Keeping a submarine stable underwater is important to be able to execute missions. Therefore, one of the main systems on board of submarines is therefore the ballast trim system. This system is able to maintain the submarine balanced. There must be equilibrium in weight and buoyancy as well as in the trimming moment. This makes the ballast trim system a vital system on board of submarines.
The world around us changes, causing new mission specifications and requirements. This results in a different operational profile than before, which has consequences for the ballast trim system. For example, for a modern submarine hovering is desired, resulting in a faster and more accurate ballast trim system. Therefore, the existing systems must be reconsidered for modern SSK submarine applications. Next to the changed environment, new technologies are available, which might be applicable for a modern SSK submarine. The main goals of this research are: give insight in the ballast trim system and see which technologies are best to use in the ballast trim system. The technologies are tested on the 4000 and 2000 ton BB2 submarine.
In this research different empirical models were set up in order to simulate the behaviour of the different ballast trim systems. The results of these models are compared to each other based on energy, noise and redundancy. As an input, different mission profiles were made, which are likely to be executed by a modern SSK submarine. The ballast trim system was divided into three separate systems for the comparison, namely: trim, compensation and hover.
From the simulation made there was seen which modelled solutions were the best capable to use as a ballast trim system. In this research also the second order effects of waves were included. There is seen from the simulation that it is possible to compensate for the motions due to these second order wave effects. The simulations also showed that a new technique, the so called ‘variable buoyancy system’ is very promising.
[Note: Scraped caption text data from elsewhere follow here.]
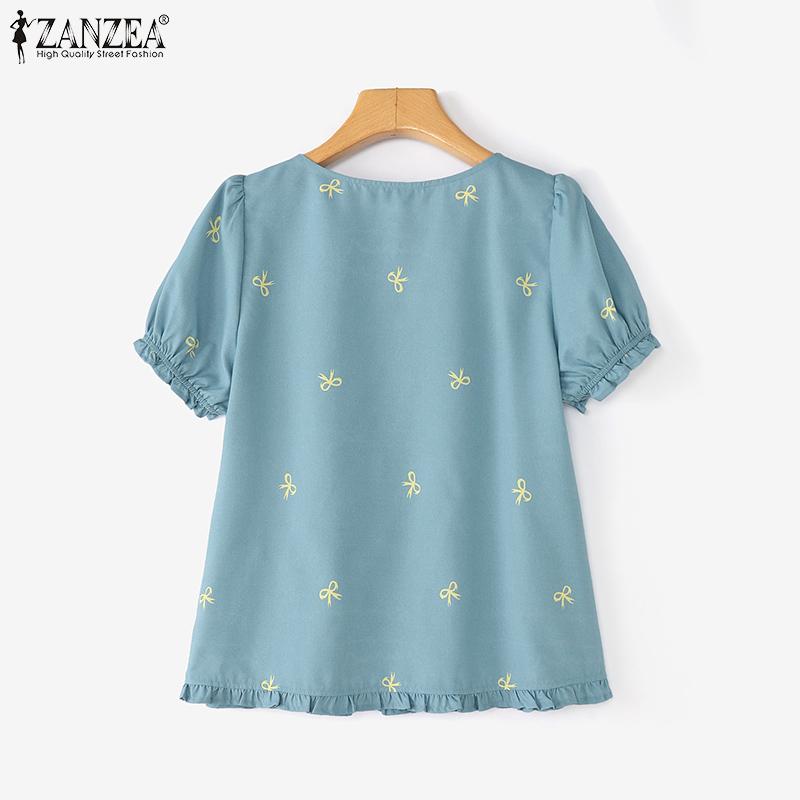 ZANZEA Blusa informal de verano con cuello redondo y manga corta estampada para mujer
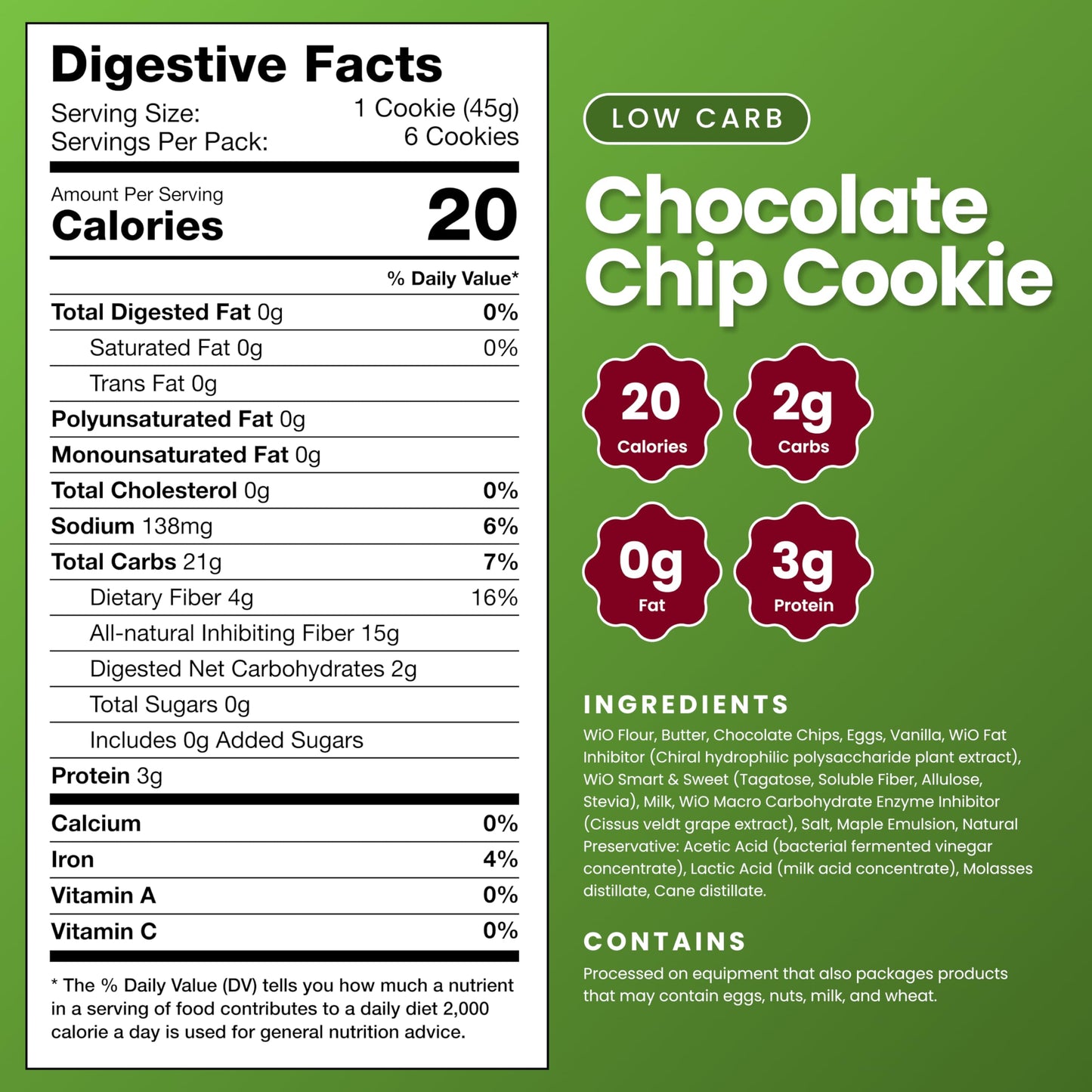 WiO SmartFoods™ Chocolate Chip Cookies, 6-Count Low-Carb, Fat-Free, Sugar-Free, Keto-Friendly Cookies, Delicious Soft Treats, Healthy Snack, Gourmet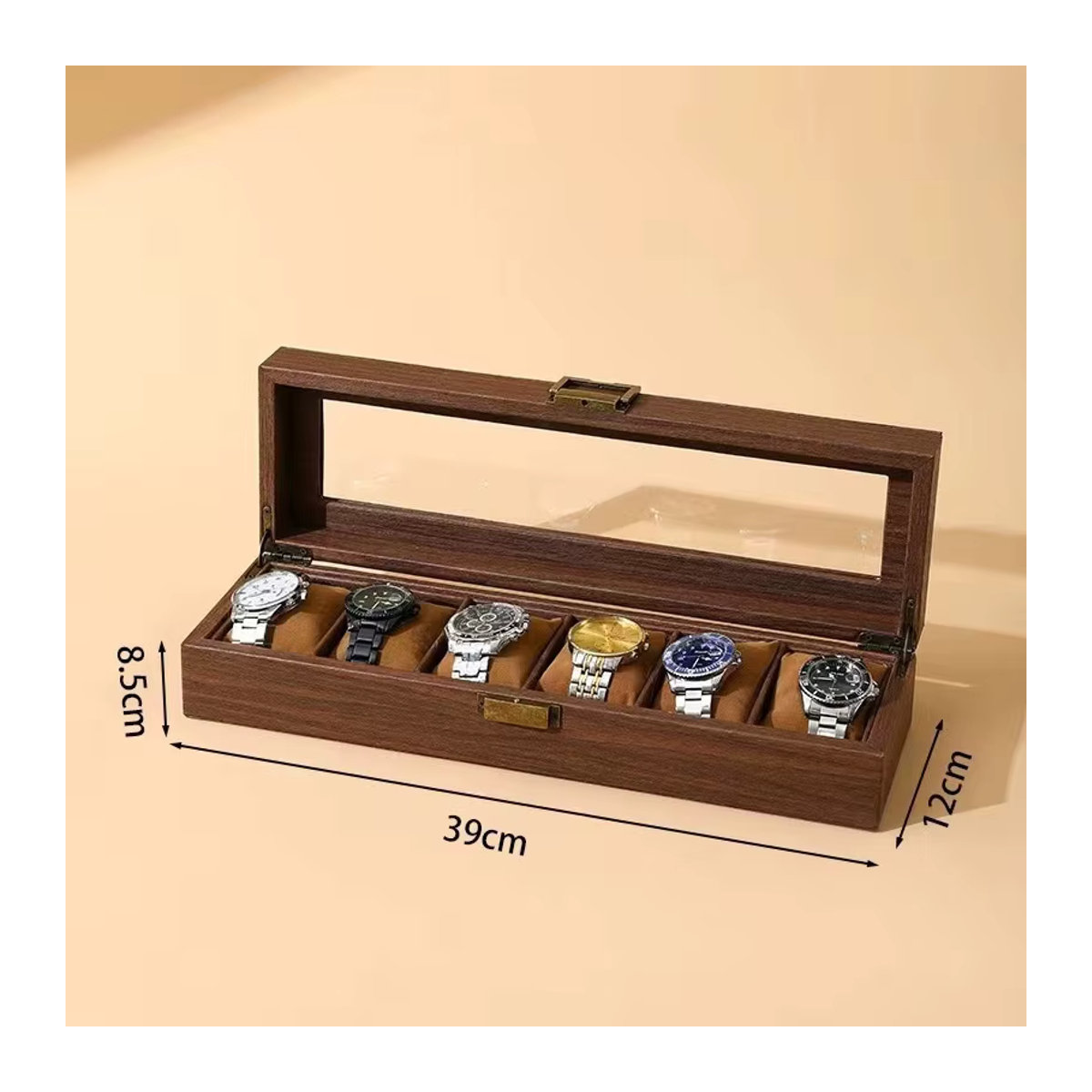 UOSU Retro Uhrenbox aus Leder und Holz in Braun mit transparentem Fenster zur Aufbewahrung und Präsentation - Bild 3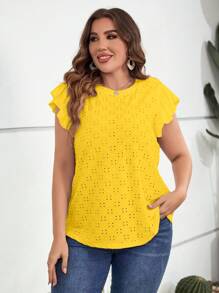 SHEIN LUNE Plus Eyelet Embroidery Butterfly Sleeve Tee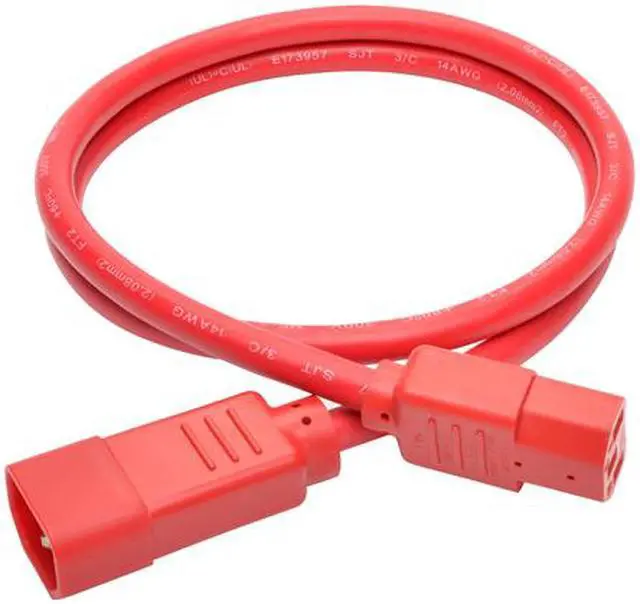Alt view image 5 of 5 - Tripp Lite Model P005-003-ARD 3 ft. Heavy-Duty Power Extension Cord, 15A, 14 AWG (IEC-320-C14 to IEC-320-C13) Male to Female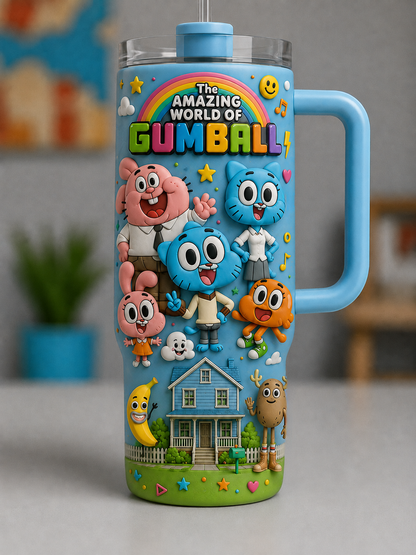 Colorful Cartoon Family Tumbler with Handle – Fun Animated Character Tumbler Cute Gift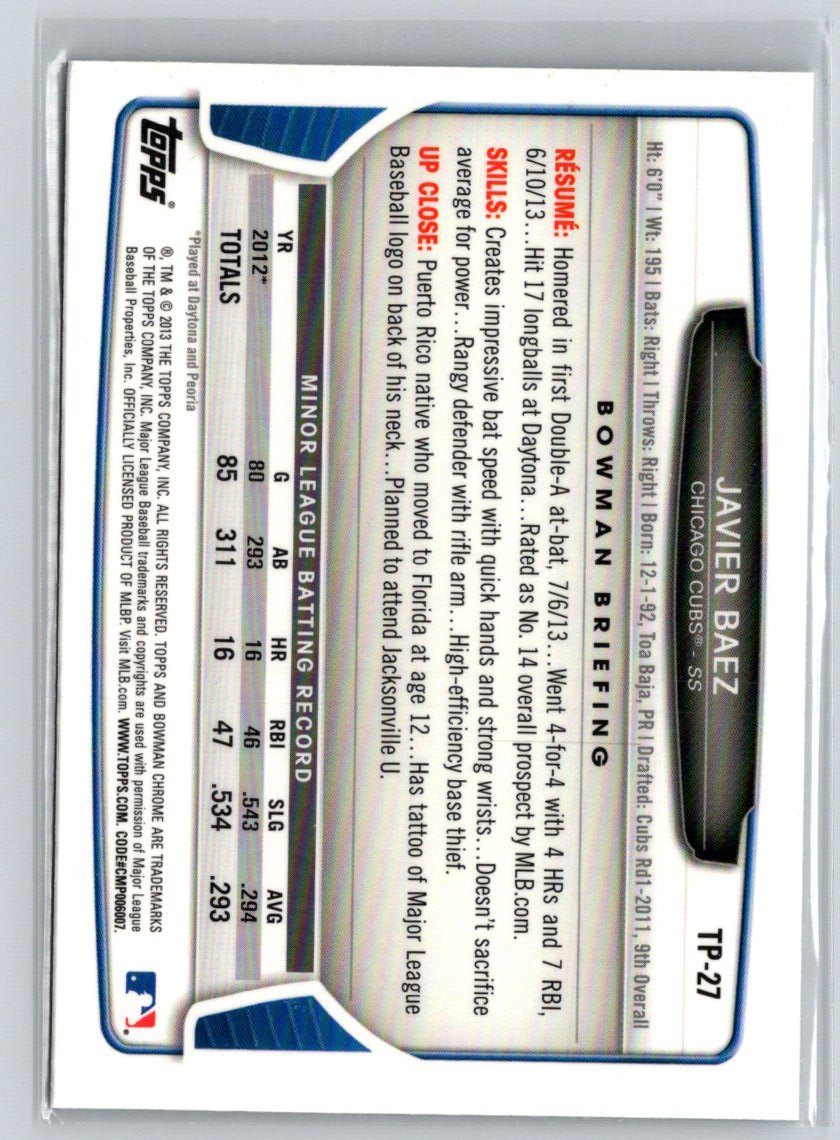 2013 Bowman Draft Picks & Prospects #TP-27 Javier Baez Chrome Top Prospects P54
With the results from this research it can be seen which system can be best used as ballast trim system for the three different tasks on board of the BB2 submarine. To maintain longitudinal equilibrium, it is best to use a centrifugal pump to transfer ballast water between tanks. To maintain balance between the weight and buoyancy forces of the submarine, it is best to use a plunger pump. It is also seen that a centrifugal pump in a system with a very large static head compared to dynamic head, is hard to operate and can even become incapable of expelling water from the tank. For hovering, a special dedicated system is needed. For the 4000 ton BB2 submarine, it is best to use a pre-pressurised tank to lose weight very fast in case of a change in seawater density. The 2000 ton BB2 submarine can use its snorkel mast to maintain equilibrium. For low frequency forces such as the second order forces due to waves, both studied BB2 submarines can use their snorkel mast to keep the submarine at depth.